Björn recenserade Sofia Petrovna av Lidii͡a Korneevna Chukovskai͡a
None
4 stjärnor
In Kolyma Tales, his memories of life in Stalin's prison camps, Varlam Shalamov wrote that one of the most horrifying aspects of Stalin's rule (and, one suspects, of any autocratic system) is how arbitrary it is. A dictator takes power in the name of the people, makes laws in the name of the people, convinces everyone that what's happening is for the people to protect them from dangerous elements without and within ... Except in reality, it didn't matter what you did. Anyone could be convicted of anything at any time on any pretext.

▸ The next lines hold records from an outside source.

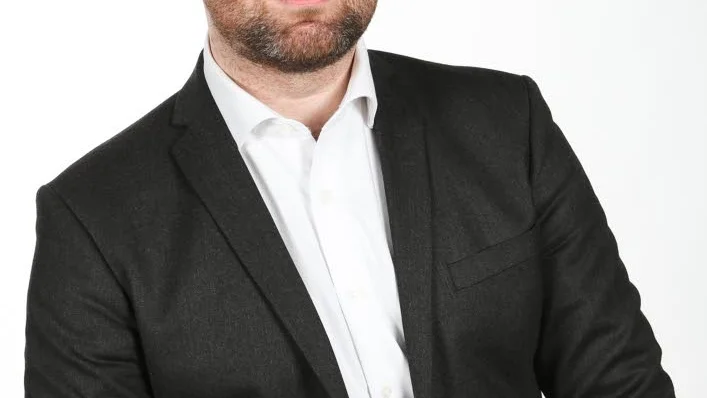 M-ordförande. Skolpolitikern Nihad Zara, 29 år, tar över som ny ordförande för Moderaterna i Luleå.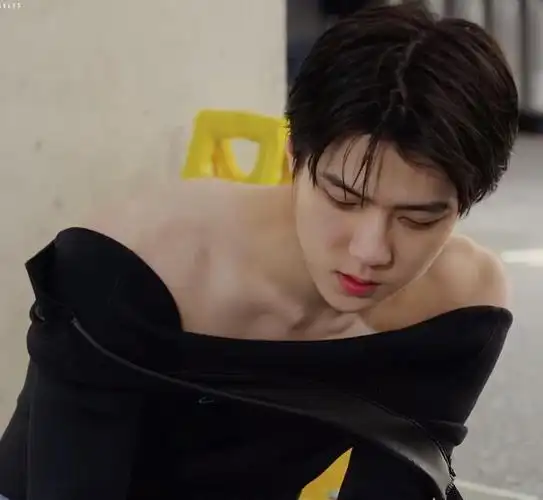 吴世勋曾为新剧增肌胖到不敢认与近照里的他形成了明显反差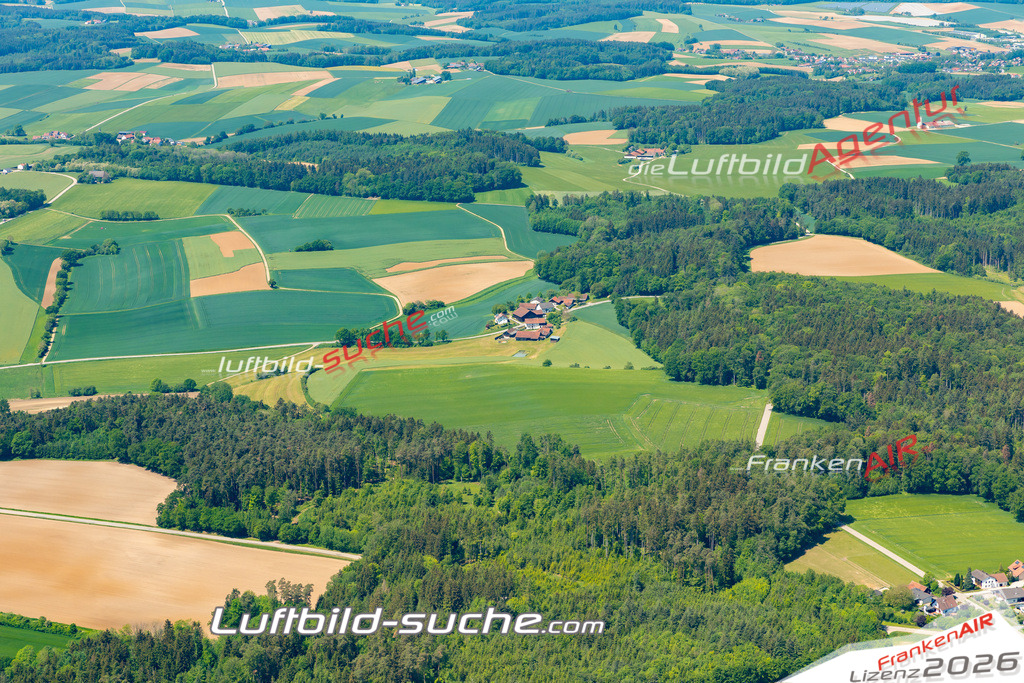 Raffach-Weng-2024-12 | Die Luftbild Suche. Hier finden Sie Luftaufnahmen, Drohnen und Schrägluftbilder von Städten und Orte. Aktuelle + Archiv Luftbilder auch mit Lizenz.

Sofia Petrovna, then. Written in 1939 after Chukovskaya's husband was disappeared and executed, kept in a drawer for decades, only published in her home country after 50 years. The titular woman is a widow with one single son. She works in a publishing house, typing up manuscripts for the betterment of the people. She believes in the ideas, in the union, in the leader who only wants what's best for everyone even if he has to be firm sometimes. Her son is the perfect Soviet citizen, born with the revolution, well-read and intelligent and contemptuous towards enemies of the revolution ... and one day, he's arrested. (For terrorism, as it happens.) What specific act of terrorism? Where is he? What will happen to him? What can she do? No one will tell her. But she has to fight; after all, he must be innocent, he can't be like all those others who really are guilty, it must be a mistake, this isn't the corrupt imperial Russia anymore, this is a free country where everyone is equal and there are laws to protect the innocent and courts dedicated to finding out the truth. That's the whole point. If that's not true, then what is?
It's easy to draw parallels to Kafka as Sofia circles round and round that question, but there's just as much an Orwellian sense of dread here, a feeling that doesn't just apply to dictatorships. Everyone plays their part in building a society built on fear and intolerance, and the less you want to see it, the more you stare yourself blind at what happens on the other side - whether it's being grateful that things aren't as bad as in Germany, or being outraged at having to wait in line at the magistrate's office with mothers of actual criminals - the less the actual dictator actually has to do. People are all too willing to be a cog, to help drive the machine that eats them.
Then again, the perhaps strongest image here isn't necessarily the holes it smashes in high-flying ideals, but that image of a mother, aging years in months, starving in her one-room apartment next to hundreds of cans of her son's favourite food, waiting for the day he'll come home again. Any day now, any day now.